O que as empresas podem fazer para mitigar os efeitos do coronavírus?

ECOA

21/03/2020 11h45

A crise com a pandemia do novo coronavírus nos coloca diante significativas mudanças em nossos modos de ser e agir. Muito além dos aprendizados em higienização pessoal e dos ambientes, a doença Covid-19 nos diz que a ação coletiva pode salvar vidas. Pensar além das bolhas, que tanto pautaram atitudes nos últimos tempos, é imprescindível para conter a escalada da transmissão.

Mas com o que mais somos confrontados? Se é necessário pensar e agir em prol do outro, do coletivo, quais ações podemos adotar para mitigar riscos?

Ressaltamos que independentemente das medidas sugeridas pelo governo temos que garantir a premissa do que entendemos como desenvolvimento sustentável, que se alicerça em garantirmos condições dignas para trabalhadoras e trabalhadores, a fim de não ampliar as desigualdades já tão intrínsecas em nosso país.

A redução da jornada de trabalho e consequente diminuição salarial deve ser observada não apenas do ponto de vista do empregador, há questões econômicas e sociais que precisam ser consideradas. Assim como a situação de quem trabalha informalmente, sem vínculo empregatício.

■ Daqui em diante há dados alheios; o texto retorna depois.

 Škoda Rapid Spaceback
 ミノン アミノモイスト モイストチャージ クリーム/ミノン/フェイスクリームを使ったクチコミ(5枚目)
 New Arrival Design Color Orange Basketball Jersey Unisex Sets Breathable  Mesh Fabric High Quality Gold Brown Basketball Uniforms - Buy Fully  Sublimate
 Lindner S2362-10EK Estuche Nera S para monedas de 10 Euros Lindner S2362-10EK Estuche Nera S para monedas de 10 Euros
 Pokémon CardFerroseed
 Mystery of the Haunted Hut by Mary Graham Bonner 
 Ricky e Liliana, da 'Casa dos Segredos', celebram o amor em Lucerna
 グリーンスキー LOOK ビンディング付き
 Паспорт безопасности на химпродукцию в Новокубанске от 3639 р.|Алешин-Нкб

As empresas, que detêm poder e são agentes de mudança de paradigmas, têm um papel social que vai além da preservação de seus colaboradores e da manutenção de suas atividades e de sua própria lucratividade.

Postergar os pagamentos de empréstimos, adiantar pagamentos à vista a pequenos e médio fornecedores e apoiar a linha direta de enfrentamento à doença, como se dedicar a produção de álcool gel, são atitudes muito bem-vindas.

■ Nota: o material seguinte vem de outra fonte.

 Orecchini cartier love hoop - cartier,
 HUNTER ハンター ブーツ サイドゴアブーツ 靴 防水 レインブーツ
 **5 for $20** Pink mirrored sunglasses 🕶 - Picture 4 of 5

Mas é preciso mais. É importante reconhecer o impacto ainda incalculável para a economia brasileira, para a balança comercial e para a dinâmica de diferentes setores da indústria, sem nos apartarmos de uma reflexão sobre a distribuição desigual dos riscos, afetando mais fortemente os desempregados — inclusive os mais jovens — e, como já antecipamos, os trabalhadores informais e sem coberturas trabalhistas, população negra e mulheres. As desigualdades fazem com que pessoas mais pobres se tornem as mais afetadas.

Não somos vítimas passivas desses processos e ainda podemos fazer muito para reduzir os riscos da pandemia pela perspectiva ecológica ou seus efeitos pelo âmbito preconizado, pelos direitos humanos, pela redução das desigualdades e manutenção de mecanismos e instituições republicanas e democráticas. Mais do que nunca, as premissas de um desenvolvimento sustentável se mostram tão urgentes.

Apoiar essas iniciativas significa ir além do esperado, estabelece novos parâmetros de atuação e reforça o protagonismo das empresas em atuar para que possamos, o quanto antes, recuperar aquilo que conhecemos como normalidade. Mas, indubitavelmente, reforçados pelos aprendizados que estamos adquirindo ao longo dessa jornada.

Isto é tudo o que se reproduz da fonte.